But beyond the current hiatus, post-Brexit immigration rules could do precisely the opposite. Notwithstanding the change of government (and any deals done as part of future trade negotiations), the plan appears to be for EU and other migrants to be on an equal footing. Immigration from within the EU may fall back, while immigration from further afield may rise or at least stay steady. The London Intelligence already shows a rebalancing in the number of national insurance numbers issued to EU and non-EU nationals: the former were six per cent lower in the year to March 2019 than in the previous year; the latter were 21 per cent higher.

This matters because immigration from beyond Europe tends to have a different geographic distribution from European migration. Specifically, it is more concentrated in London and – to a lesser extent – other cities. While London has just over twice as many EU migrants in its working age population as non-urban areas of England and Wales do, it has four times the proportion of people born beyond the EU. Similarly, while the largest ‘core cities’ (Birmingham, Bristol, Cardiff, Leeds, Liverpool, Manchester, Newcastle, Nottingham, Sheffield) have similar levels of EU-born working-age residents to the rest of the country, they have twice the proportion of people born further afield.

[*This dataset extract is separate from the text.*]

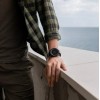 Годинник North Edge Apache 5BAR Black (9992)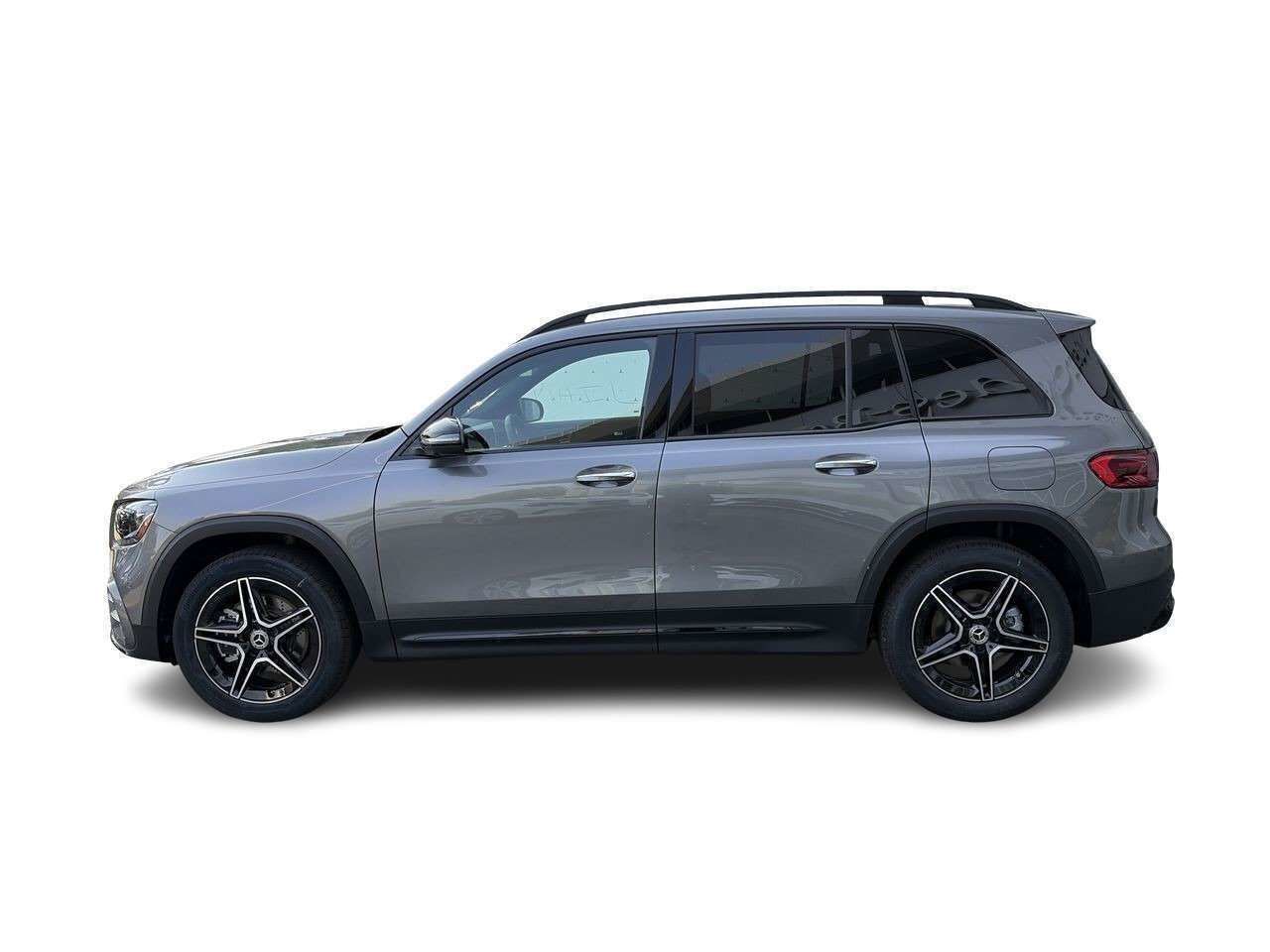 Mercedes-Benz GLB  2026 à Vancouver, Colombie-Britannique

% of 16-64 year old population born in other EU countries % of 16-64 year old population born in non-EU countries
London 14 32
English and Welsh core cities 7 16
Rest of England and Wales 6 8

So more immigration from outside the EU, and particularly from emerging economies of the southern and eastern hemispheres, may mean more concentration in London and other big cities, where people from these countries will already find settled communities of their former compatriots.

And in London, this trend may be intensified by another element of the government’s proposals, a pay threshold for jobs held by foreign workers – designed to prevent the import of cheap unskilled labour. The government has not confirmed what this threshold should be but the Migration Advisory Committee recommended maintaining the current level of £30,000 (while abolishing other requirements such as the ‘resident labour market test’, which requires jobs to be advertised within the UK before recruiting overseas).

While many jobs in London, particularly in migration-dependent sectors such as restaurants, pay poorly, salaries are significantly higher overall. Government data on earnings show that 66 per cent of workers in London earn more than £30,000 pa, compared to 30 to 40 per cent of workers in other regions. So setting a minimum pay threshold – whether at £30,000 or at lower levels, as groups such as London First have argued – could further concentrate immigration in London, where more jobs would in theory be accessible for foreign workers.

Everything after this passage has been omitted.